In the meantime, the question arises as to whether forest dwellers can manage forests well. There are sharply contrasting views. One school of thought stresses the possession by indigenous people of long-held traditional knowledge and institutions that enable them to use forests responsibly. In this view, it is lack of meaningful control over resources that limits effective management by local people, not the absence of knowledge or local institutions. Another viewpoint is that conditions have changed so much that traditional knowledge and practices have by now lost relevance or efficacy. The latter school frequently portrays forest-dependent people (especially shifting cultivators) as destroyers of forests. Official policies in many countries of the region tend to lean to this view and laws generally mandate the exclusion of people from protected forests. Advocates of forest-dweller interests, however, increasingly ask why local people must suffer hardship to make room for protected areas that often seem to be of primary interest to distant national or international constituencies (Box 6.4).


In Thailand, large numbers of forest-dependent people, usually members of ethnic minority "hill tribes," have been moved out of protected areas into buffer zones or live within protected areas under greatly restricted access to forest products. A Community Forestry Bill has been drafted to address these restrictions. The bill would grant management rights to people living in protected areas. It is, however, strongly opposed by some environmental groups concerned that the hill tribes will mismanage the watersheds crucial to the water supply of Bangkok and other cities. Other environmental groups support the initiative and regard the hill tribes as highly capable of responsible forest management. The issue has achieved great political importance and major protests have occurred to press for enactment of the Community Forestry Bill.

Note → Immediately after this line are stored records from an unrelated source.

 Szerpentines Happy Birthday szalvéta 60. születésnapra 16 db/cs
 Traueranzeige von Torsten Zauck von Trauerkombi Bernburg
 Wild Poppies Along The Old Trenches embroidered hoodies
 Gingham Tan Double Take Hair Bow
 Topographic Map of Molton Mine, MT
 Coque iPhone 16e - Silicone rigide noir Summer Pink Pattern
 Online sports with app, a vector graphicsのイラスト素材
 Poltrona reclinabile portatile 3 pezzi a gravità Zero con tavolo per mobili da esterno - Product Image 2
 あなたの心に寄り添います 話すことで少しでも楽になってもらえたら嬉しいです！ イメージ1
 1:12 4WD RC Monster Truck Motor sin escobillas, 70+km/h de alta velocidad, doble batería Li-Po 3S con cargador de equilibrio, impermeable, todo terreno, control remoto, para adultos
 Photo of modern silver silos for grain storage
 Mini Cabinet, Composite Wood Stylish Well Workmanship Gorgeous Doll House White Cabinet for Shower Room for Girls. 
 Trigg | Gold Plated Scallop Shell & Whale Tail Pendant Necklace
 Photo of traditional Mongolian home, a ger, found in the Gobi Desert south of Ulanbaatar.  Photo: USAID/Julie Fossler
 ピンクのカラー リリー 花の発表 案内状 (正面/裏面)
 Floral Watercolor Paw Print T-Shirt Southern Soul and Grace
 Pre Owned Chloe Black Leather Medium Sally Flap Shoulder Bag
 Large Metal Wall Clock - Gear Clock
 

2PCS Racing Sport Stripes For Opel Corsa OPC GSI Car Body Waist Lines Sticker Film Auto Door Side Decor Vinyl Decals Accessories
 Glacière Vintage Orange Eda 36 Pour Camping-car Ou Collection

[It is important to realise that the people dwelling in protected areas generally lived in these places before they were designated as protected areas. Indeed, there are cases where hill tribes were forcibly relocated into areas that were subsequently declared to be protected areas.]

Source: Adapted from Fisher et al. (op cit.). Additional note in square brackets added from Fisher (Personal communication).

Indigenous and migrant forest dwellers differ in forest management capacities. The former tend to have interest in forests and traditional knowledge and institutions for management. Migrants generally have neither, and are often most interested in the land for farming. For the latter, probably the main approach to promoting sustainable forest management would be to support forest-based income opportunities, thus offering a justification for forest management.

Forests as a complementary basis for livelihood

Collaborative approaches to forest management
Growing trees outside the forest

Forest dwellers, even if recent migrants are included, are far fewer in number than the people who live outside but near forests. Indeed, most rural people, except in highly deforested countries such as Bangladesh and Pakistan, live close enough to interact with forests in a number of ways. Many continue to collect fuelwood and other forest products. Agriculture often depends on forests for water and forest products such as manure and fodder. Where forest resources are inadequate, many rural people take up tree planting. It is from these situations that much of the initial thrust toward collaborative forest management emerged. Recently, the scope of collaborative management initiatives has expanded to include management of well-endowed natural forests.

Collaborative approaches to forest management

In the late 1970s and early 1980s, there emerged a perception that the limited input by people living in and near forests over how forest resources were used was a major barrier to the effective management of such forests. This led to the development of programmes and policies known generically as "collaborative forest management." The key element is that government forest departments give local communities the responsibility for protecting and managing forests or establishing plantations. Local communities are given rights to collect and harvest certain forest products for domestic use, and increasingly also for sale. In drier areas (e.g. Rajasthan and Gujarat in India, Pakistan, Mongolia, western China), the possibility of grazing livestock in government forests is also a powerful attraction to local communities wishing to conclude joint forest management agreements.

In some cases, communities are promised a share of the proceeds from future harvests of forests that regenerate as a result of protection provided by local people. In Nepal, for example, the government hands over forests to forest-user groups (FUGs). Negotiated management agreements include provision for managed utilisation of forest products, including grass, fodder, fuelwood and NWFPs. Recently, there have been moves to initiate FUG-managed sawmills and the harvesting of timber from community forests, although these proposals are reportedly meeting resistance from within the Forest Department (Box 6.5).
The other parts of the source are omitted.